**WHAT THE EXERCISE ASKS:** Give the data again exactly, without its images.

**PROVIDED ENTRIES:**
[Start of section]

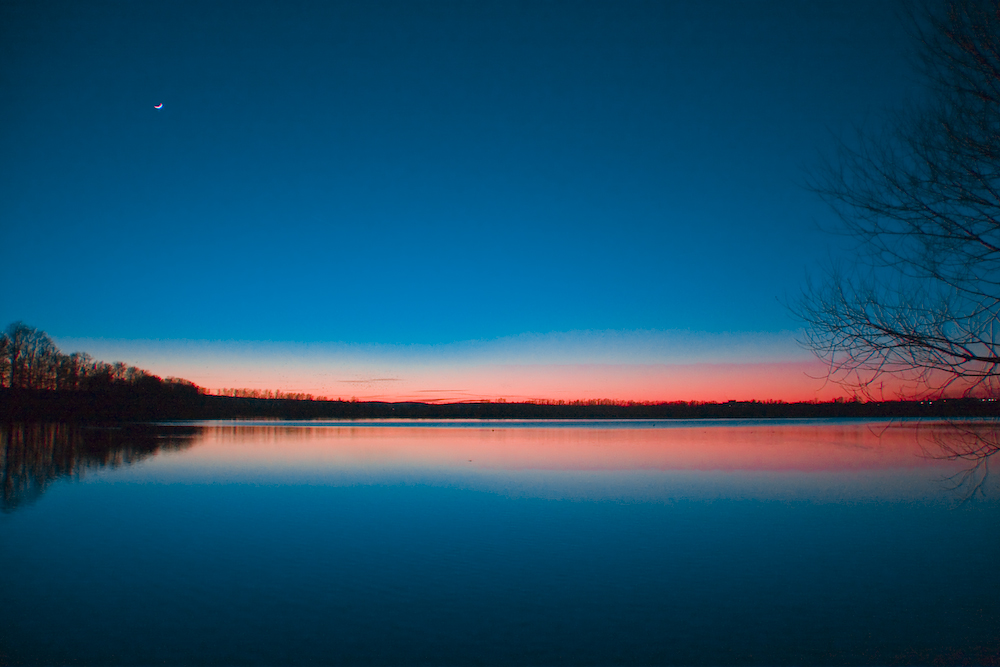 Zülpicher See die blaue Stunde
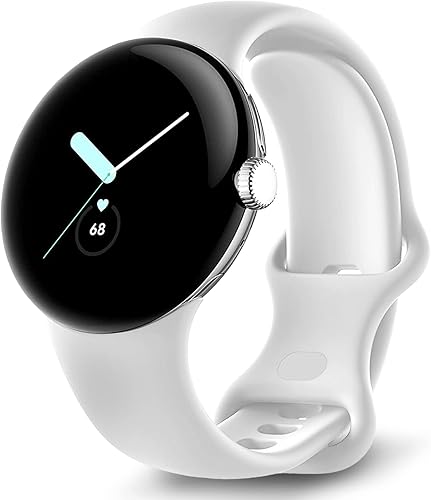 kytuwy Compatible con correas de reloj de Google Pixel correa deportiva de silicona suave hebilla de metal para correa de reloj de Google Watch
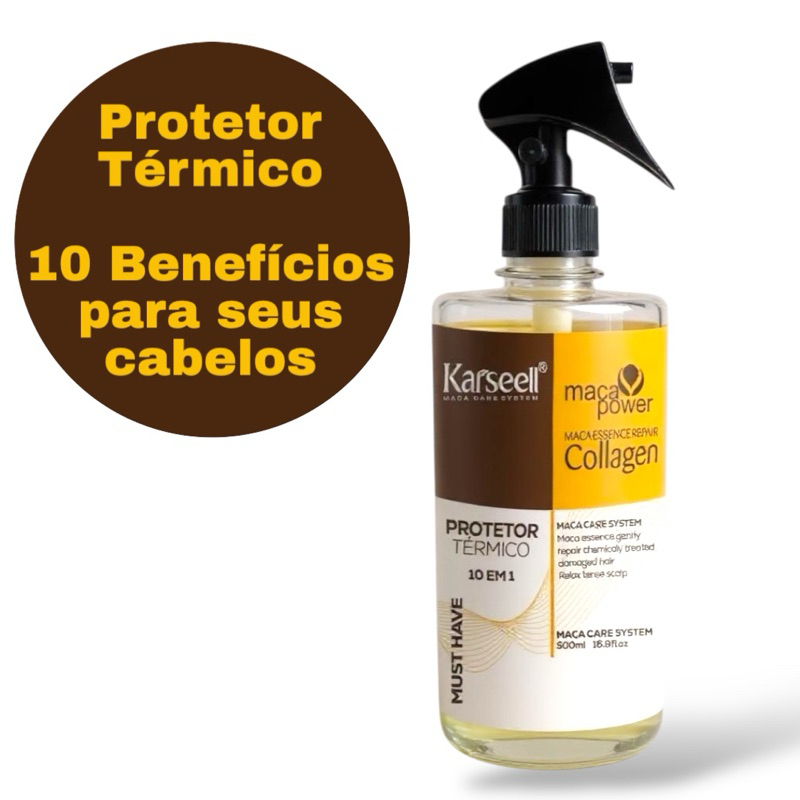 Protetor Termico Karseell Collagen Tratamento Capilar Essence 10/1 ...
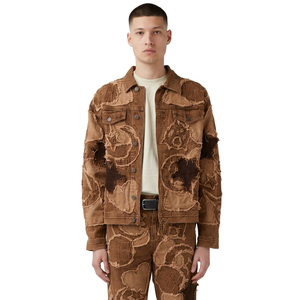 <b>Men's</b> <b>Corduroy</b> Patchwork <b>Jacket</b> With Turn-down Collar And Regular Fit Casual Autumn Style Denim <b>Jacket</b> With Patch Designs - Product Image 5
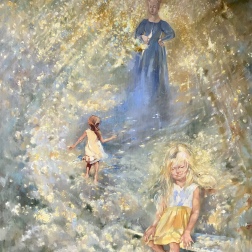 Painting for sale online -  Mater of All Mothers Or In the Land of Flying Fluff (Madonna del Parto, Pregnant Madonna)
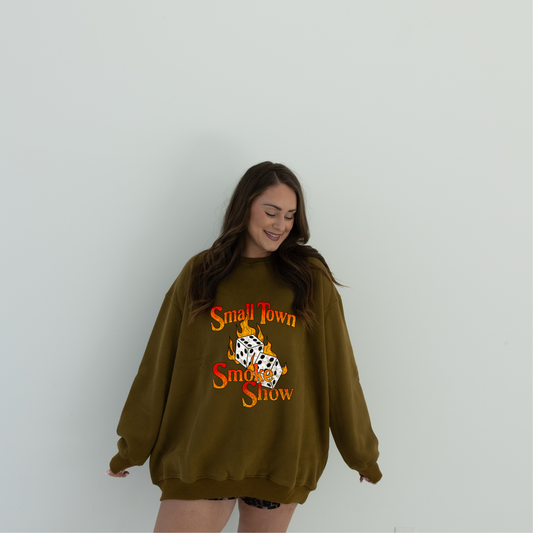 OLIVE GREEN LUX CREW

[End of section]

**RESULT OF THIS EXERCISE:**
 Zülpicher See die blaue Stunde
 kytuwy Compatible con correas de reloj de Google Pixel correa deportiva de silicona suave hebilla de metal para correa de reloj de Google Watch
 Protetor Termico Karseell Collagen Tratamento Capilar Essence 10/1 ...
 <b>Men's</b> <b>Corduroy</b> Patchwork <b>Jacket</b> With Turn-down Collar And Regular Fit Casual Autumn Style Denim <b>Jacket</b> With Patch Designs - Product Image 5
 Painting for sale online -  Mater of All Mothers Or In the Land of Flying Fluff (Madonna del Parto, Pregnant Madonna)
 OLIVE GREEN LUX CREW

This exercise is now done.